Saturday, September 24, 2011

Depressing for even more than the obvious reasons

In a pre-season NHL hockey game in London (Ontario) on Thursday night, an unknown fan threw a banana on to the ice. Predictably, it was when one of the few black players in the NHL was also on the ice. And everyone is outraged, which certainly sounds good enough.

Here's the thing, though. There are all sorts of quotes from players of color and suits who say that London isn't a racist place and that this is a wholly isolated incident. (Because, the logic goes, if other black/brown players haven't felt/seen it, then it must not exist, right? In spite of the fact that racialized celebrities more easily "pass" as if they were white?) And then the article that I linked to provides a list of other explicitly racist, and ostensibly isolated, incidents in hockey games. And they note that in spite of everyone's outrage, no one has been able (willing?) to identify the fan who threw the banana.

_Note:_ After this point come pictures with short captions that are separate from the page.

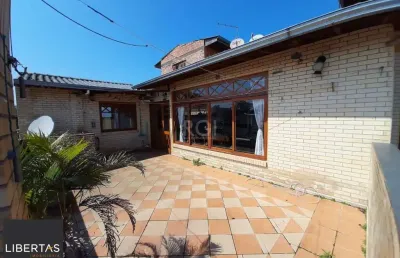 Casa para venda - 274m², 3 dormitórios, sendo 1 suites, 3 vagas - guarujá, porto alegre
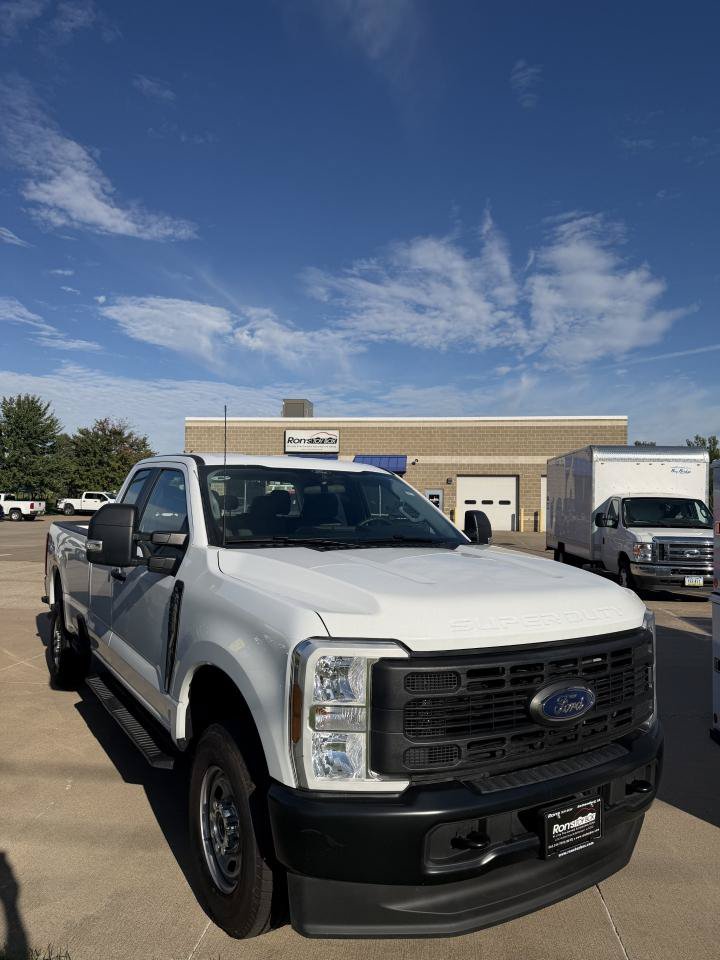 Used 2025 Ford F250 XL w/ F-250 >10K GVWR Package AWD/4WD image 2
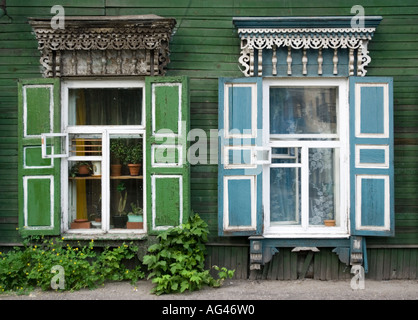 Alte verzierte Holzfenster im Haus in Irkutsk Sibirien Russland 2006 Stockfoto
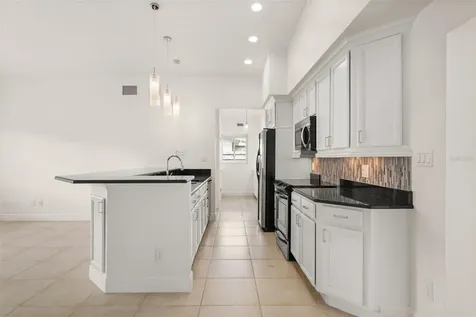 3317 Bougainvillea Street Sarasota FL 34239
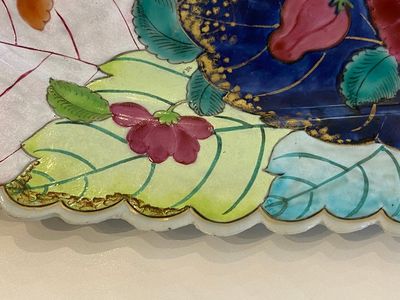 A large Chinese famille rose 'tobacco leaf' dish, Qianlong — photo 5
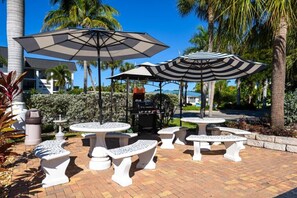 Outdoor dining - Unit 301 Comforts of Home Combined with the Beach (Sarasota)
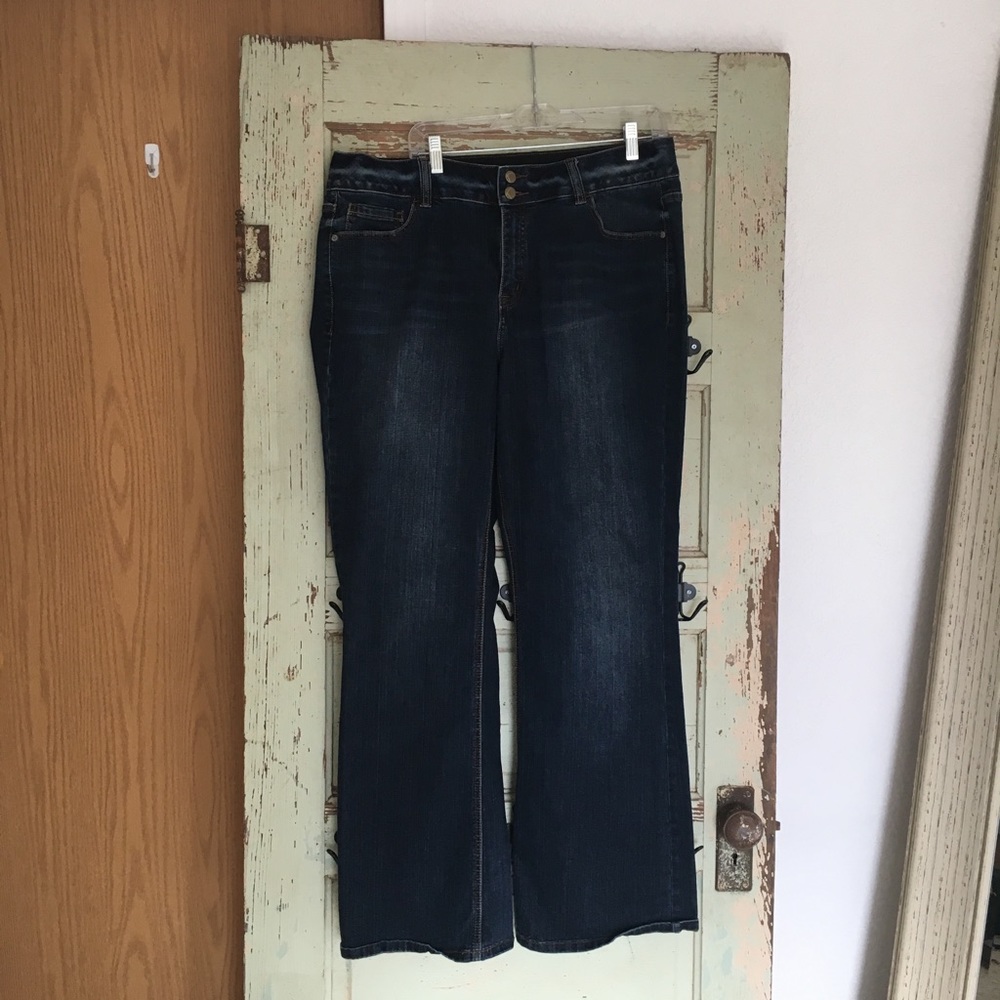 Lane Bryant High Rise Boot Cut Jeans 18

So, I'm not the only person who sees a disconnect, here, right? It's isolated, but it happens with some regularity; it's not indicative of some racist sensibility among people in the city, and yet no one has helped identify the banana-thrower. Stuff like this seems like such an obvious launching-pad - a "teachable moment", as it were - for a discussion of systemic racism and how events like these are linked, and how indifference to racist acts is itself an act of racism. But, somehow, I imagine that every time this happens in the future, it'll be just as shocking, surprising, and isolated.

1 comment:

Anonymous said...

I am also sure that the landowner in Hyde Park, just outside of London, that created a crop-circle swastika symbol* large enough to be seen on googlemaps satellite is just the victim of an ill humoured attempt at sarcasm too - since racism is not a problem in London, Ontario.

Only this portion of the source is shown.